**Task brief**
Return the line containing "living room featuring" and every line after it through the end of the entries below, with no other lines.
━━━ Data supplied
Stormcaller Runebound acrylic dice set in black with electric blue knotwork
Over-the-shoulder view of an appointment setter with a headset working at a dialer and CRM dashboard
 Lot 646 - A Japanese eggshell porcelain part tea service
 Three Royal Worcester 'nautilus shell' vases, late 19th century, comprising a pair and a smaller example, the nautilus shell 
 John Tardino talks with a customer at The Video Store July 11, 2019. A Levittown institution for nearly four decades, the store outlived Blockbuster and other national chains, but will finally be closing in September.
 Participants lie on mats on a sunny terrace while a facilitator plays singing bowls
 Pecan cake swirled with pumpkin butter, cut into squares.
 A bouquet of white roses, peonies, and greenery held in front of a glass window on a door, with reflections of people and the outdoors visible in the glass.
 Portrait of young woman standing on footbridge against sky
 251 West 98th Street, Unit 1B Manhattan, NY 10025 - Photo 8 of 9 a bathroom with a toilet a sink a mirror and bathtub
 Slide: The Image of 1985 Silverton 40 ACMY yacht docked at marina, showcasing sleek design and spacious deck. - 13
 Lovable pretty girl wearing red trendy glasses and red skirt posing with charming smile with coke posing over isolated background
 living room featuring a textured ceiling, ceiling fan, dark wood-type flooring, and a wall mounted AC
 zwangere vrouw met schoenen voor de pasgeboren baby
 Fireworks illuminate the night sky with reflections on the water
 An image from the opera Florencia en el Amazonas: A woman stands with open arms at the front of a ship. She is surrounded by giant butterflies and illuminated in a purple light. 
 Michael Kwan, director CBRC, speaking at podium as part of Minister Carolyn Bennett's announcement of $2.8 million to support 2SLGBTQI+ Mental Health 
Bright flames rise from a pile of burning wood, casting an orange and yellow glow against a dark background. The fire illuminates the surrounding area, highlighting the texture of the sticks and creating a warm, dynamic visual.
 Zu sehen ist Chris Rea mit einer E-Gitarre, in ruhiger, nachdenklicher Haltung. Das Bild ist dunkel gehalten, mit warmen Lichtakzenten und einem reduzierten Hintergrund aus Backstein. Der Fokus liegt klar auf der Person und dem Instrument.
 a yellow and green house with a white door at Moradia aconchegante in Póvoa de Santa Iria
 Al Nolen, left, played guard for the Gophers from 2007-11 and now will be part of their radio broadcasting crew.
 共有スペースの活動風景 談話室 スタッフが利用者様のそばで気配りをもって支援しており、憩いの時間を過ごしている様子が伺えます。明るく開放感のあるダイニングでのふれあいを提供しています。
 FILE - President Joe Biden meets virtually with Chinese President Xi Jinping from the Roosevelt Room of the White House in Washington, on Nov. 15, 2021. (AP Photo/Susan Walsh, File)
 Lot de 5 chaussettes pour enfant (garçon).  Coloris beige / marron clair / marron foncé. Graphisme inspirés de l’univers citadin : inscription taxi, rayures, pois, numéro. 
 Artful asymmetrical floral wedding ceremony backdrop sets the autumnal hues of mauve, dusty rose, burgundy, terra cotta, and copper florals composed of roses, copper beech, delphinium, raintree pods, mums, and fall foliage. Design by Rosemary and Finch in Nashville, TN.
━━━━━━
**Output**
 living room featuring a textured ceiling, ceiling fan, dark wood-type flooring, and a wall mounted AC
 zwangere vrouw met schoenen voor de pasgeboren baby
 Fireworks illuminate the night sky with reflections on the water
 An image from the opera Florencia en el Amazonas: A woman stands with open arms at the front of a ship. She is surrounded by giant butterflies and illuminated in a purple light. 
 Michael Kwan, director CBRC, speaking at podium as part of Minister Carolyn Bennett's announcement of $2.8 million to support 2SLGBTQI+ Mental Health 
Bright flames rise from a pile of burning wood, casting an orange and yellow glow against a dark background. The fire illuminates the surrounding area, highlighting the texture of the sticks and creating a warm, dynamic visual.
 Zu sehen ist Chris Rea mit einer E-Gitarre, in ruhiger, nachdenklicher Haltung. Das Bild ist dunkel gehalten, mit warmen Lichtakzenten und einem reduzierten Hintergrund aus Backstein. Der Fokus liegt klar auf der Person und dem Instrument.
 a yellow and green house with a white door at Moradia aconchegante in Póvoa de Santa Iria
 Al Nolen, left, played guard for the Gophers from 2007-11 and now will be part of their radio broadcasting crew.
 共有スペースの活動風景 談話室 スタッフが利用者様のそばで気配りをもって支援しており、憩いの時間を過ごしている様子が伺えます。明るく開放感のあるダイニングでのふれあいを提供しています。
 FILE - President Joe Biden meets virtually with Chinese President Xi Jinping from the Roosevelt Room of the White House in Washington, on Nov. 15, 2021. (AP Photo/Susan Walsh, File)
 Lot de 5 chaussettes pour enfant (garçon).  Coloris beige / marron clair / marron foncé. Graphisme inspirés de l’univers citadin : inscription taxi, rayures, pois, numéro. 
 Artful asymmetrical floral wedding ceremony backdrop sets the autumnal hues of mauve, dusty rose, burgundy, terra cotta, and copper florals composed of roses, copper beech, delphinium, raintree pods, mums, and fall foliage. Design by Rosemary and Finch in Nashville, TN.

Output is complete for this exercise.